Aim of the exercise:
From the line with "Customer photo of" to the final line of the data below, please write out every line exactly, with no pictures.

━━━━━ Extracted information ━━━━━

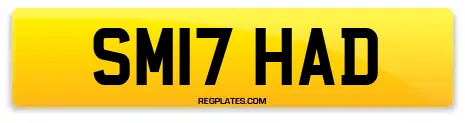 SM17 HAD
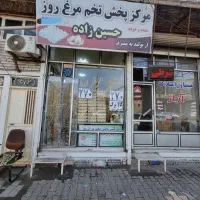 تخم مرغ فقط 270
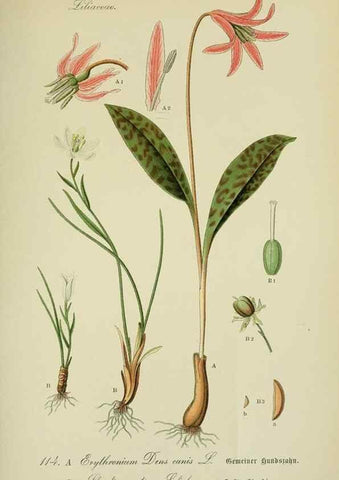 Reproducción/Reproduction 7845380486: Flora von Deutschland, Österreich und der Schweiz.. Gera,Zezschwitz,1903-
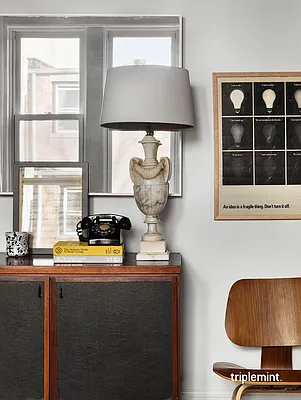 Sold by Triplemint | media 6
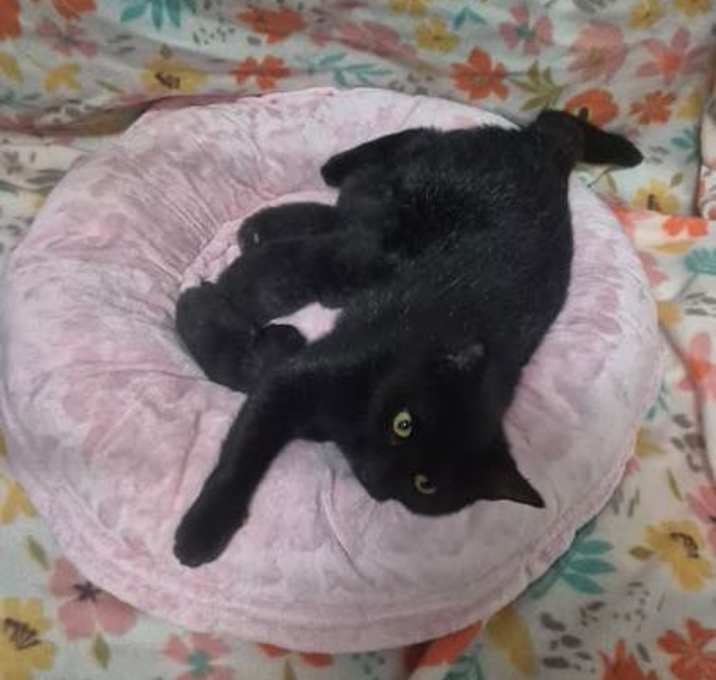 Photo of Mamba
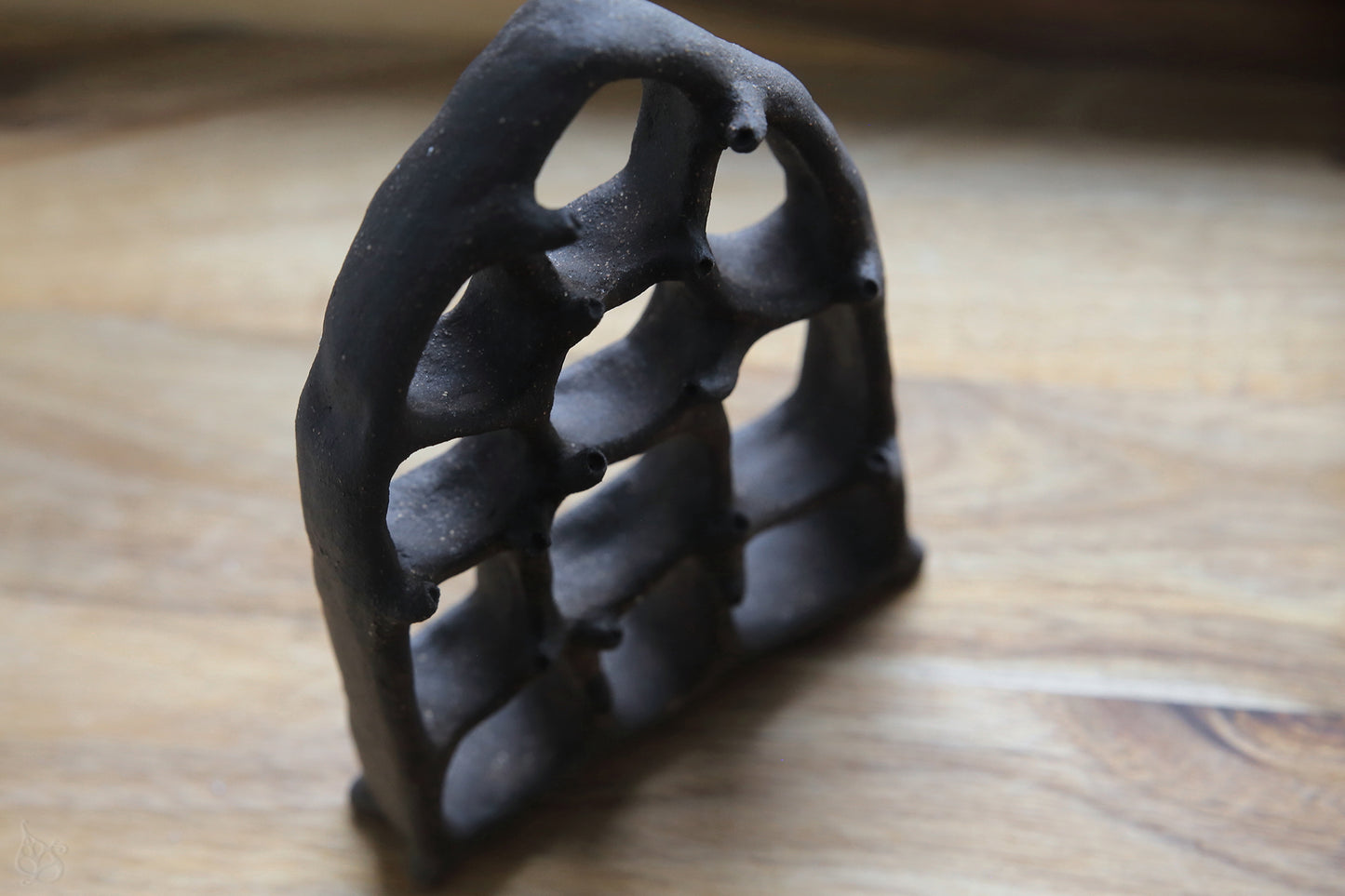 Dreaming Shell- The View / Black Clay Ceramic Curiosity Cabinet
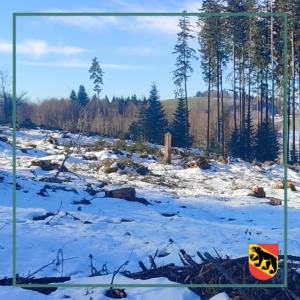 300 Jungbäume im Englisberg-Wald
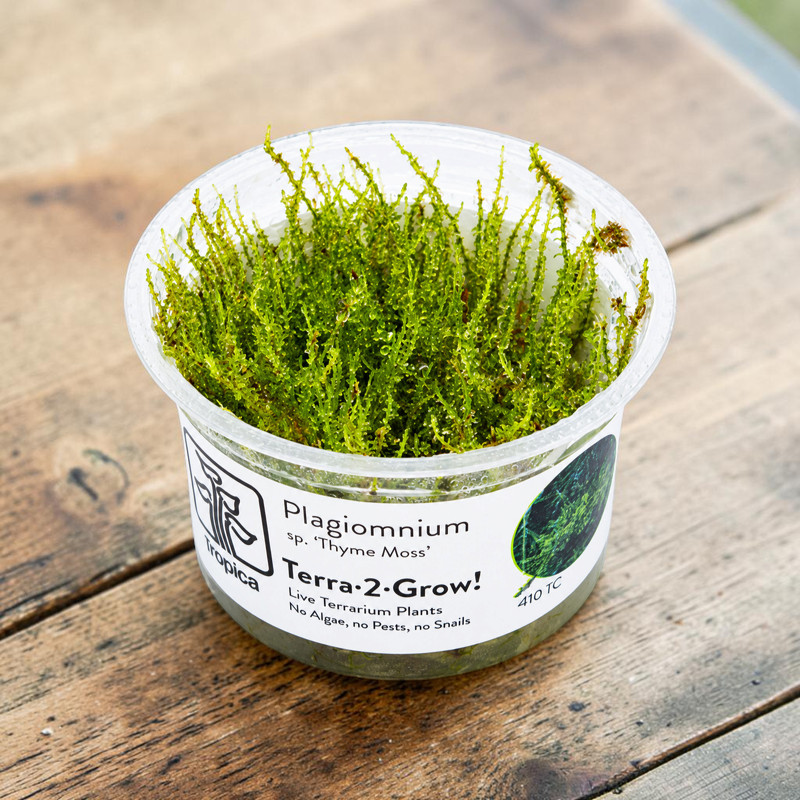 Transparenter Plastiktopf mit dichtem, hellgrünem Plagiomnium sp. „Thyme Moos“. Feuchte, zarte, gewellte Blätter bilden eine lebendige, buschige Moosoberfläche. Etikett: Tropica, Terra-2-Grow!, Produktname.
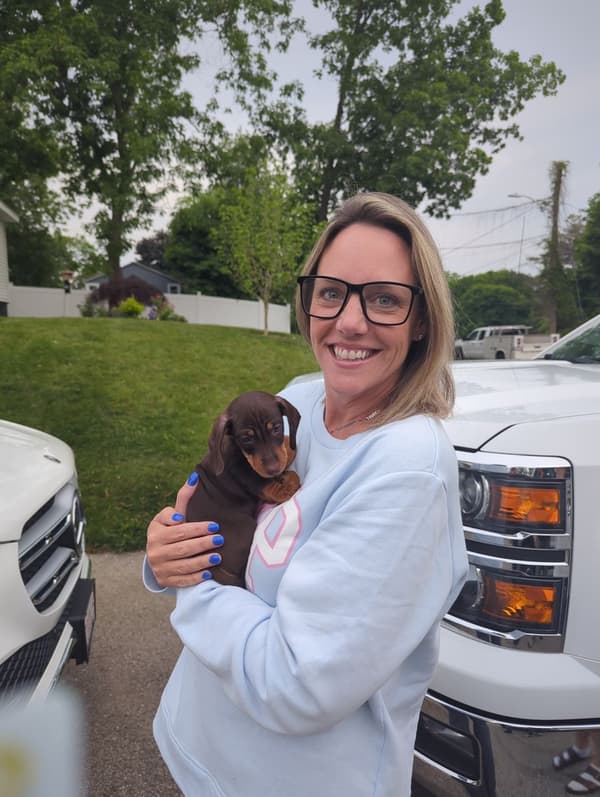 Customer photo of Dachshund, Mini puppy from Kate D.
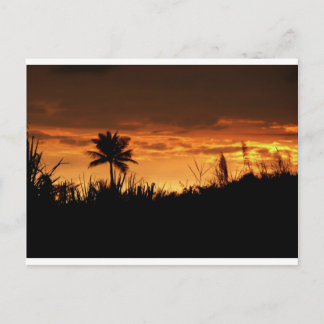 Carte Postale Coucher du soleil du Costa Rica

━━━━━

Exercise solution:
 Customer photo of Dachshund, Mini puppy from Kate D.
 Carte Postale Coucher du soleil du Costa Rica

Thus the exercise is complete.